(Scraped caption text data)
[Start of Attachment]

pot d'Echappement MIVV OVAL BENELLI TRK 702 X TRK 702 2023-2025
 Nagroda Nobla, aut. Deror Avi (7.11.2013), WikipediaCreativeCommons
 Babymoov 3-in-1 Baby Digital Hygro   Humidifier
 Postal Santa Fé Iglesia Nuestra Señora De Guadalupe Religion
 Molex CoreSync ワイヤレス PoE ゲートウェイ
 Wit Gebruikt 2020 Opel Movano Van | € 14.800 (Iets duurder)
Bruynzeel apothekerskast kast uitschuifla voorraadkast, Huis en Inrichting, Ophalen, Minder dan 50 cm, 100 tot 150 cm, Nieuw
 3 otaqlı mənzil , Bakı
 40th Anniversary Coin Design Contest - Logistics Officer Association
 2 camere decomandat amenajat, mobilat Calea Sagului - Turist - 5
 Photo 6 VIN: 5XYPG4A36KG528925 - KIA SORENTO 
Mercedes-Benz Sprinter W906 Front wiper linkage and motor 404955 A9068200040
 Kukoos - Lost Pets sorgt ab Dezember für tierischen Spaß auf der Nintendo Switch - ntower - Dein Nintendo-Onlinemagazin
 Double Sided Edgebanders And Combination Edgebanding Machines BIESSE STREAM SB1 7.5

[End of Attachment]

**Task goal:**
Your task is to transcribe the line containing "Molex CoreSync ワイヤレス PoE ゲートウェイ" and every line after it, through the last line of the data, exactly as written and with nothing more.

**Written response:**
 Molex CoreSync ワイヤレス PoE ゲートウェイ
 Wit Gebruikt 2020 Opel Movano Van | € 14.800 (Iets duurder)
Bruynzeel apothekerskast kast uitschuifla voorraadkast, Huis en Inrichting, Ophalen, Minder dan 50 cm, 100 tot 150 cm, Nieuw
 3 otaqlı mənzil , Bakı
 40th Anniversary Coin Design Contest - Logistics Officer Association
 2 camere decomandat amenajat, mobilat Calea Sagului - Turist - 5
 Photo 6 VIN: 5XYPG4A36KG528925 - KIA SORENTO 
Mercedes-Benz Sprinter W906 Front wiper linkage and motor 404955 A9068200040
 Kukoos - Lost Pets sorgt ab Dezember für tierischen Spaß auf der Nintendo Switch - ntower - Dein Nintendo-Onlinemagazin
 Double Sided Edgebanders And Combination Edgebanding Machines BIESSE STREAM SB1 7.5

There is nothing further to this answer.